[WORK ORDER]: Beginning with the line that contains "世界杯瑞典战韩国战绩解析 两队交锋看点受关注" and ending with the last line of the records, write out each line exactly and omit the pictures.

[GIVEN ENTRIES]:
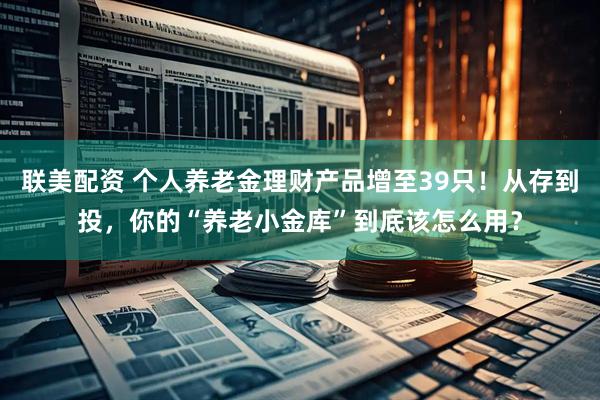 联美配资 个人养老金理财产品增至39只！从存到投，你的“养老小金库”到底该怎么用？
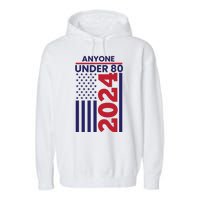 Anyone Under 80 Funny 2024 Garment-Dyed Fleece Hoodie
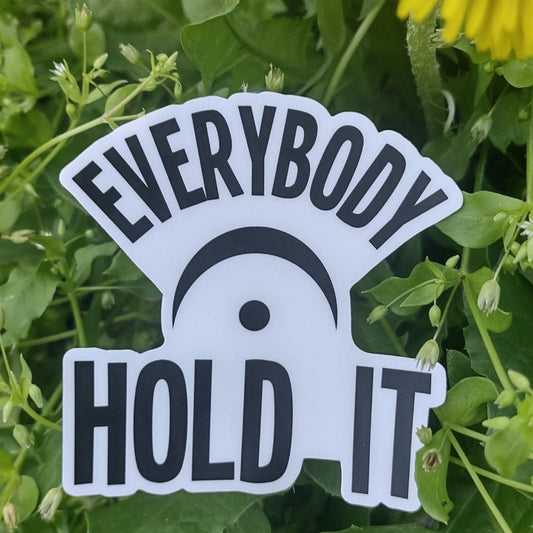 Everybody Hold It Vinyl Sticker – Fermata Symbol for Music Lovers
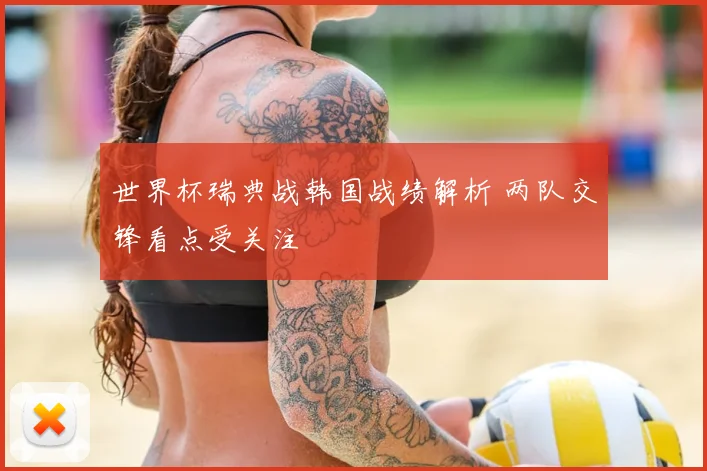 世界杯瑞典战韩国战绩解析 两队交锋看点受关注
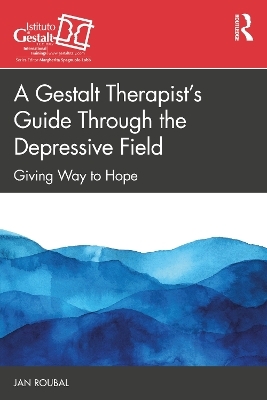 A Gestalt Therapist’s Guide Through the Depressive Field - Jan Roubal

[SOLUTION TO THIS EXERCISE]:
 世界杯瑞典战韩国战绩解析 两队交锋看点受关注
 A Gestalt Therapist’s Guide Through the Depressive Field - Jan Roubal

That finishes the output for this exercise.